BEGIN

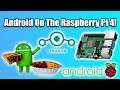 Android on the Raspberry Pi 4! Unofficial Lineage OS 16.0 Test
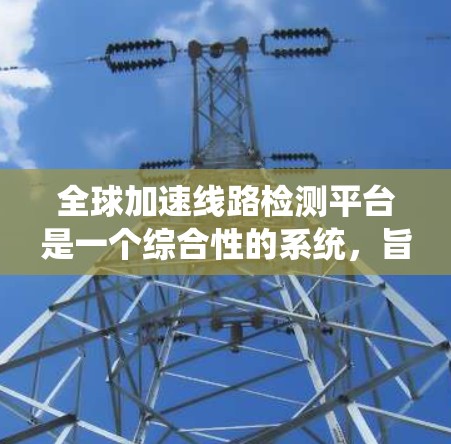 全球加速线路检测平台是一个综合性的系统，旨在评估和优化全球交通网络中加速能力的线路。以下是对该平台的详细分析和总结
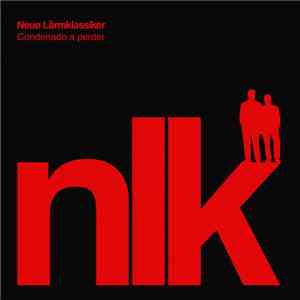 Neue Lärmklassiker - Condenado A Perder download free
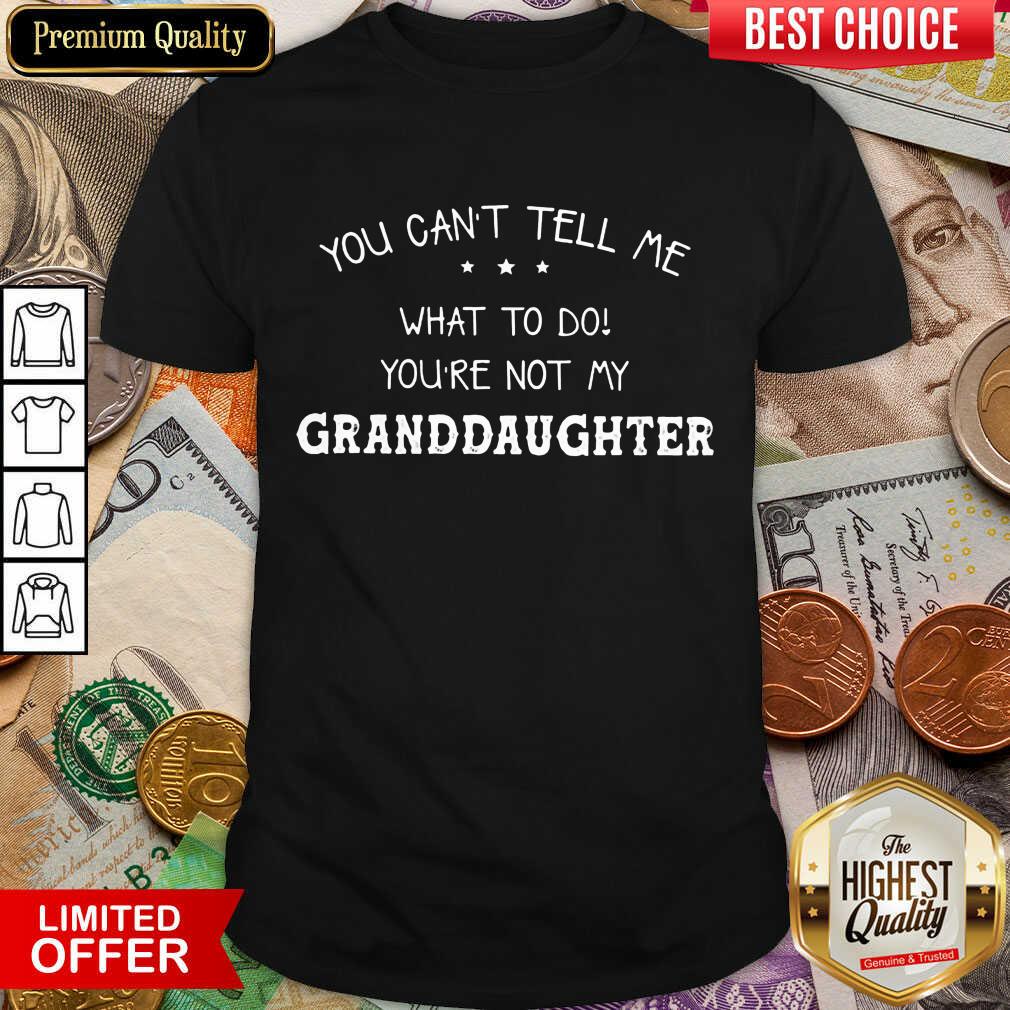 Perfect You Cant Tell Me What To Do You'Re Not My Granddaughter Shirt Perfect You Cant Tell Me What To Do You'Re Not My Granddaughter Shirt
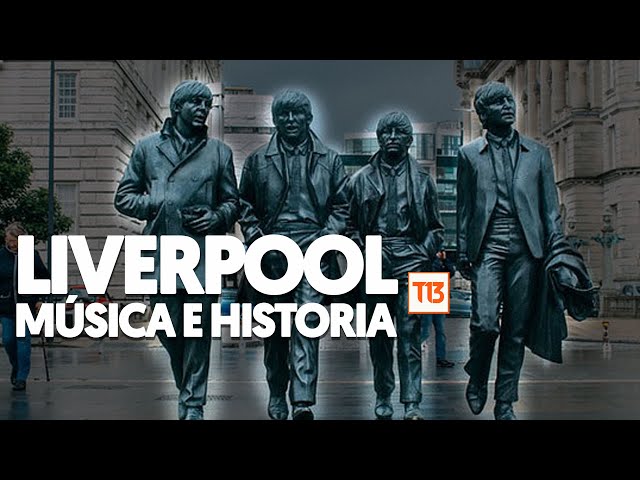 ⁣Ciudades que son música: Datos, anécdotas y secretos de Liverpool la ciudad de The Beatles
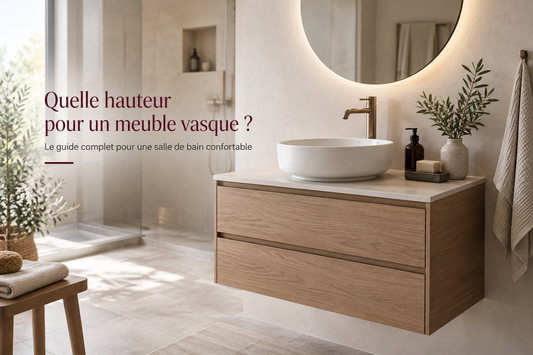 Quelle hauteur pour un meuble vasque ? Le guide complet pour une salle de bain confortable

END
BEGIN

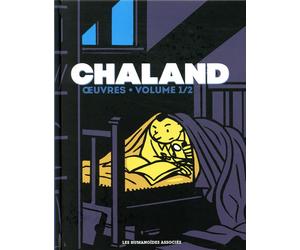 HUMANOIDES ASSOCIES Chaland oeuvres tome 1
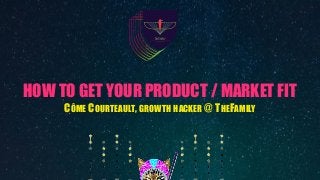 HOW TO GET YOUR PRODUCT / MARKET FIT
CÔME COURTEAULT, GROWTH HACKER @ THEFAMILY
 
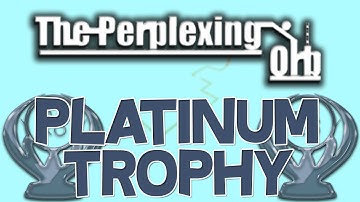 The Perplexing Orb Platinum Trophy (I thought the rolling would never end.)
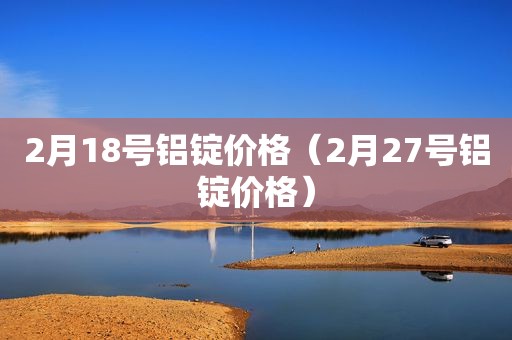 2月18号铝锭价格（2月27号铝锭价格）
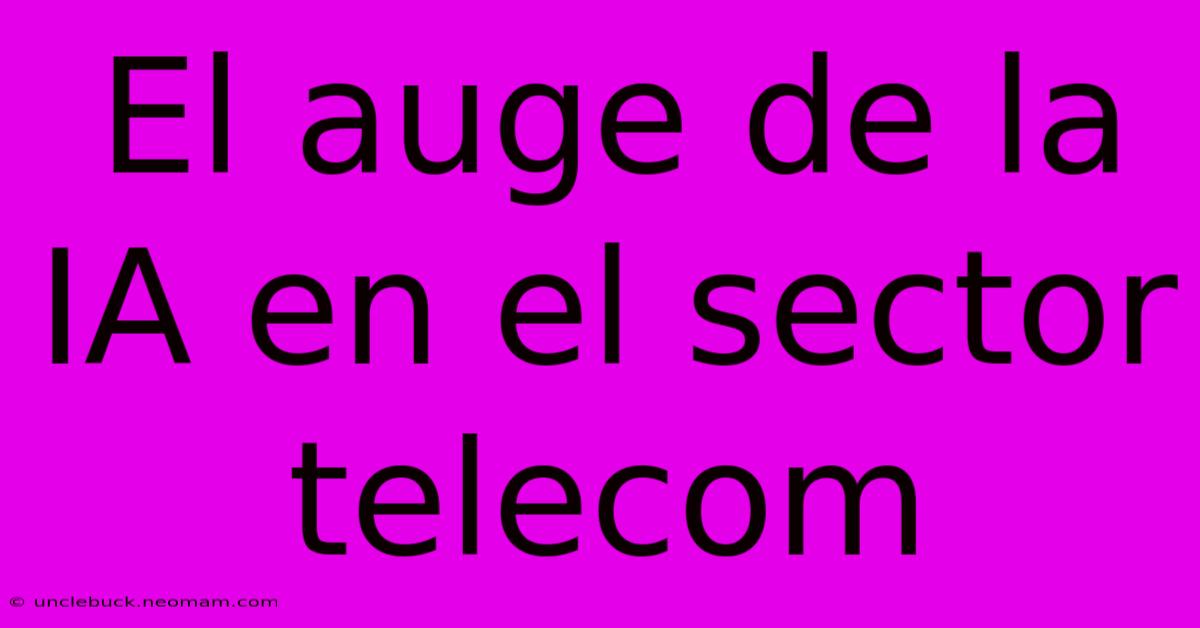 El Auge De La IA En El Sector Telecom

END

EXERCISE REQUIREMENTS: From the records above, extract the lines from the one holding "de The Beatles" through the one holding "Quelle hauteur pour", word for word; omit the pictures.

EXERCISE RESULT:
 ⁣Ciudades que son música: Datos, anécdotas y secretos de Liverpool la ciudad de The Beatles
 Quelle hauteur pour un meuble vasque ? Le guide complet pour une salle de bain confortable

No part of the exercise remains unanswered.